When I was working on the book, I pulled together a reference collection of boots of various sorts. Some of these were found on the far-flung reaches of Ebay or Etsy. Others came from the darkest recesses of our closet. This pair is one of the latter. They look like the sort of thing that might have been worn by a sixties dolly bird, but they actually date from 1996.
As I’ve mentioned in previous posts, in Britain the middle years of the nineteen nineties saw a huge resurgence of interest in the music, art, and fashions of the sixties. These were the years of “Britpop,” a distinctive guitar-driven form of rock with psychedelic overtones typified by bands like Blur, Oasis, Suede, Pulp, and a host of lesser imitators.
Where sixties pastiches are found, there also the fashion boot flourishes. The iconic look of a miniskirt and boots is a potent one, even if most of the evidence suggests that the look was nowhere near as common as movies like Austin Powers would have you suppose. Boots had already made a comeback as part of the clubbing culture of early nineties Britain, but now shoe retailers went full tilt into sixties-themed nostalgia.

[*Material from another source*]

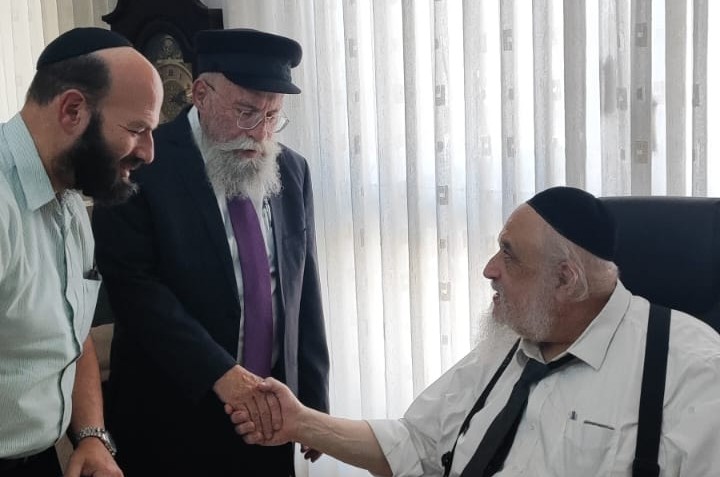 הרב אברהם חזקיהו ברוידא, רב שכונת גני איילון בלוד, העניק מכתב הוקרה לרב יעקב גלויברמן, מייסד מפעלי החסד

And nothing says sixties like a pair of white boots. Stack-heeled lace-up boots had been hugely popular a couple of years previously; this pair by the British store Dolcis took the stack heeled design, reworked it in white patent leather, and added that elegant Edwardian-style curve to the top of the shaft. An instant winner, right?
Unfortunately not. The tall lace-up boots of the nineties had a circulation-challengingly tight fit which did wonders for the line of the wearer’s leg, but they also took forever to get on, which is one reason why they were rapidly supplanted by zip-fastened designs. And however keen you were on sixties fashions, a shiny white pair was never a practical option in grimy British cities.
That explains why these particular boots ended up in a bargain bucket at Dolcis, where I purchased them for the princely sum of £5:00. I bore them home in triumph to my wife who, being much more knowledgable about fashion than me, cocked a quizzical eyebrow and consigned them immediately to the farthest reaches of the closet. Where they remained for almost twenty years, until I needed a pair of boots to illustrate a piece on sixties nostalgia for the book.